La Cour des comptes : "gendarme financier" des collectivités

Il est ADMYS qu’en application de la nouvelle procédure de responsabilité financière des gestionnaires publics la Chambre du contentieux de la Cour des Comptes accélère sa répression des infractions financières les plus graves.

 

De quoi s’agit-il ?

 

Depuis le 1er janvier 2023 et l’entrée en vigueur de l’ordonnance n°2022-408 du 23 mars 2022 relative au régime de responsabilité financière des gestionnaires publics, les comptables et les ordonnateurs sont soumis à un régime de responsabilité répressif unique.

 

Il permet ainsi au juge financier de sanctionner les fautes financières les plus graves, notamment :

 

  • les infractions aux règles relatives à l’exécution des dépenses et des recettes ou à la gestion des biens publics qui sont susceptibles de crée un préjudice financier significatif
  • les graves fautes de gestion ;
  • les situations de favoritisme direct ou indirect, à son propre bénéfice ou au bénéfice d’autrui.

 

Il s’agit donc d’un régime de responsabilité pour faute dont le contentieux est désormais centralisé au niveau de la Cour des Comptes.
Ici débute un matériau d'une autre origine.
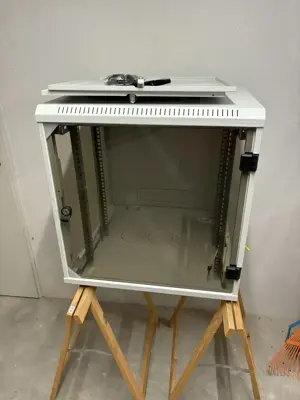 Neuer Netzwerkschrank Bild 3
Ainsi, tous les organismes, agents, personnels qui gèrent l’argent public sont concernés par cette procédure (sous réserve des cas de prescription et d’immunité de fonctions).

 

Comment cela se passe-t-il ?

 

La Cour peut être saisie d’un réquisitoire édicté par le Procureur financier, le plus souvent après la réalisation d’un contrôle d’une Chambre régionale des comptes.

 

L’instruction est longue et diverses mesures peuvent être décidées par le magistrat instructeur (demande de communication de pièces, auditions etc).

 

Quels sont les risques ?

 

Les justiciables en cause sont passibles d’amendes mais ne sont pas à l’abri de poursuites pénales dès lors que la procédure financière peut révéler l’existence d’autres infractions.

 

Quel est l’état de la jurisprudence sur le sujet ?

 

La première affaire dont la Chambre du contentieux de la Cour des comptes a été saisie concerne une Société d’économie mixte locale, devenue Société publique locale, dédiée à l’exploitation d’un site utilisé pour les Jeux Olympiques de 1968 à Grenoble. L’arrêt date du 11 mai 2023 (C. cptes, 11 mai 2023, Alpexpo, req n° S-2023-0604, aff 836).

 

A cette occasion, le juge a :

 

  1. condamné la dirigeante de la Société au titre de l’article L. 131-13-3° du CJF pour l’engagement de dépenses sans en avoir le pouvoir et pour la signature de marchés publics pour le compte de la Société sans en avoir la compétence ;
  2. condamné la dirigeante de la Société au titre de l’article L. 131-12 pour l’octroi d’avantage injustifié à autrui pour avoir financé, entre autres, un voyage aux Etats-Unis pour son conjoint 
  3. relaxé la dirigeante au titre de l’article L. 131-9 du CJF en raison de l’absence de préjudice financier grave.

 

La Cour d’appel financière s’est prononcée en appel sur cette affaire, précisant notamment les règles de prescription applicable au contentieux en cause et l’on soulignera à cet égard la rapidité de la procédure d’appel (C. cptes CA financière, 24 janvier 2024, Alpexpo, aff CAF-req n° S-2023-01).

 

Depuis lors, ce contentieux se développe de manière exponentielle, la jurisprudence s’affine et les sanctions se durcissent (voir tout récemment la décision condamnant le Président du Département à une amende de 9000€ sur le fondement de l’article L. 131-9 du CJF, en raison de préjudices financiers significatifs : C. cptes, 3 mai 2024, Département de la Haute Saône, aff S-2024-0723, aff 908).

 

Ce constat conduit à appeler les acteurs en charge des deniers publics à une vigilance constante et renforcée et à l’anticipation en cas de contrôle CRC dans une optique de maîtrise des risques.